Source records
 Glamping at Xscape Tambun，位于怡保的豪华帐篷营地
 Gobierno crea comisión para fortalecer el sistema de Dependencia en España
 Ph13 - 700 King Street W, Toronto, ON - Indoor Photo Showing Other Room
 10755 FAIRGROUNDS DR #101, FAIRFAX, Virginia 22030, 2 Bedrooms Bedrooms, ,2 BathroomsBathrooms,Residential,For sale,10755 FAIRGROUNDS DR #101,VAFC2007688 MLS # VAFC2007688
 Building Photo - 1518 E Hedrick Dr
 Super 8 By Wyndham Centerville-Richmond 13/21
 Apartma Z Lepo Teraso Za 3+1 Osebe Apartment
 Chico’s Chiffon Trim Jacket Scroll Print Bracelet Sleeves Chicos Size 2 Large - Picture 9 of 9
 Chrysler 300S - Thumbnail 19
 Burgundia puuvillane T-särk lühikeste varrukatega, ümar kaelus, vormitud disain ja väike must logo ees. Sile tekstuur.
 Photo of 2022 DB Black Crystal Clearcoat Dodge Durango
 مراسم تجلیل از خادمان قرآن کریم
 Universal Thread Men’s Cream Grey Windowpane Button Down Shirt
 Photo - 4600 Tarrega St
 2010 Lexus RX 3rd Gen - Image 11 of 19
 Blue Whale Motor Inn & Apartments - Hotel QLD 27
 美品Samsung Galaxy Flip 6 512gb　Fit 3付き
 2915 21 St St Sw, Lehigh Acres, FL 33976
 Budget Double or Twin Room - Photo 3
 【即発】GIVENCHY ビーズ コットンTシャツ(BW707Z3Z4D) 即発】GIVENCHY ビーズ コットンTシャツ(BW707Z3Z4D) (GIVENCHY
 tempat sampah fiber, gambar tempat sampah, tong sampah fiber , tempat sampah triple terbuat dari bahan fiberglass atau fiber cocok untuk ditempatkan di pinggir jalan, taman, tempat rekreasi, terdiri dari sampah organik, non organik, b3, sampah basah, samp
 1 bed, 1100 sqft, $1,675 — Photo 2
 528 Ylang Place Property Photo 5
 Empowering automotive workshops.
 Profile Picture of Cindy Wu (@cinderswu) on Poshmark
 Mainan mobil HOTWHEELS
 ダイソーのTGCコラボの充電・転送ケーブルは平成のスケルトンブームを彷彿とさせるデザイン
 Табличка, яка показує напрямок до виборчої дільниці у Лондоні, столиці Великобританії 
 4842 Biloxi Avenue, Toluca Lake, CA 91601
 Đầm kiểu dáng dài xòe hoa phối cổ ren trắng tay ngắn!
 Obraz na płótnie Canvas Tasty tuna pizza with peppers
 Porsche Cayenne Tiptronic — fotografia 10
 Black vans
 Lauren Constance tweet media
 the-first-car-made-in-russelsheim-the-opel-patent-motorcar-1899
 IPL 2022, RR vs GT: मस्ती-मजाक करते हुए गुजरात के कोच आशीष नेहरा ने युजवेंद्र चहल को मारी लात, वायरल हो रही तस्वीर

REQUIRED WORK:
Each line of the data must come back exactly as written.

SOLUTION TO THE EXERCISE:
 Glamping at Xscape Tambun，位于怡保的豪华帐篷营地
 Gobierno crea comisión para fortalecer el sistema de Dependencia en España
 Ph13 - 700 King Street W, Toronto, ON - Indoor Photo Showing Other Room
 10755 FAIRGROUNDS DR #101, FAIRFAX, Virginia 22030, 2 Bedrooms Bedrooms, ,2 BathroomsBathrooms,Residential,For sale,10755 FAIRGROUNDS DR #101,VAFC2007688 MLS # VAFC2007688
 Building Photo - 1518 E Hedrick Dr
 Super 8 By Wyndham Centerville-Richmond 13/21
 Apartma Z Lepo Teraso Za 3+1 Osebe Apartment
 Chico’s Chiffon Trim Jacket Scroll Print Bracelet Sleeves Chicos Size 2 Large - Picture 9 of 9
 Chrysler 300S - Thumbnail 19
 Burgundia puuvillane T-särk lühikeste varrukatega, ümar kaelus, vormitud disain ja väike must logo ees. Sile tekstuur.
 Photo of 2022 DB Black Crystal Clearcoat Dodge Durango
 مراسم تجلیل از خادمان قرآن کریم
 Universal Thread Men’s Cream Grey Windowpane Button Down Shirt
 Photo - 4600 Tarrega St
 2010 Lexus RX 3rd Gen - Image 11 of 19
 Blue Whale Motor Inn & Apartments - Hotel QLD 27
 美品Samsung Galaxy Flip 6 512gb　Fit 3付き
 2915 21 St St Sw, Lehigh Acres, FL 33976
 Budget Double or Twin Room - Photo 3
 【即発】GIVENCHY ビーズ コットンTシャツ(BW707Z3Z4D) 即発】GIVENCHY ビーズ コットンTシャツ(BW707Z3Z4D) (GIVENCHY
 tempat sampah fiber, gambar tempat sampah, tong sampah fiber , tempat sampah triple terbuat dari bahan fiberglass atau fiber cocok untuk ditempatkan di pinggir jalan, taman, tempat rekreasi, terdiri dari sampah organik, non organik, b3, sampah basah, samp
 1 bed, 1100 sqft, $1,675 — Photo 2
 528 Ylang Place Property Photo 5
 Empowering automotive workshops.
 Profile Picture of Cindy Wu (@cinderswu) on Poshmark
 Mainan mobil HOTWHEELS
 ダイソーのTGCコラボの充電・転送ケーブルは平成のスケルトンブームを彷彿とさせるデザイン
 Табличка, яка показує напрямок до виборчої дільниці у Лондоні, столиці Великобританії 
 4842 Biloxi Avenue, Toluca Lake, CA 91601
 Đầm kiểu dáng dài xòe hoa phối cổ ren trắng tay ngắn!
 Obraz na płótnie Canvas Tasty tuna pizza with peppers
 Porsche Cayenne Tiptronic — fotografia 10
 Black vans
 Lauren Constance tweet media
 the-first-car-made-in-russelsheim-the-opel-patent-motorcar-1899
 IPL 2022, RR vs GT: मस्ती-मजाक करते हुए गुजरात के कोच आशीष नेहरा ने युजवेंद्र चहल को मारी लात, वायरल हो रही तस्वीर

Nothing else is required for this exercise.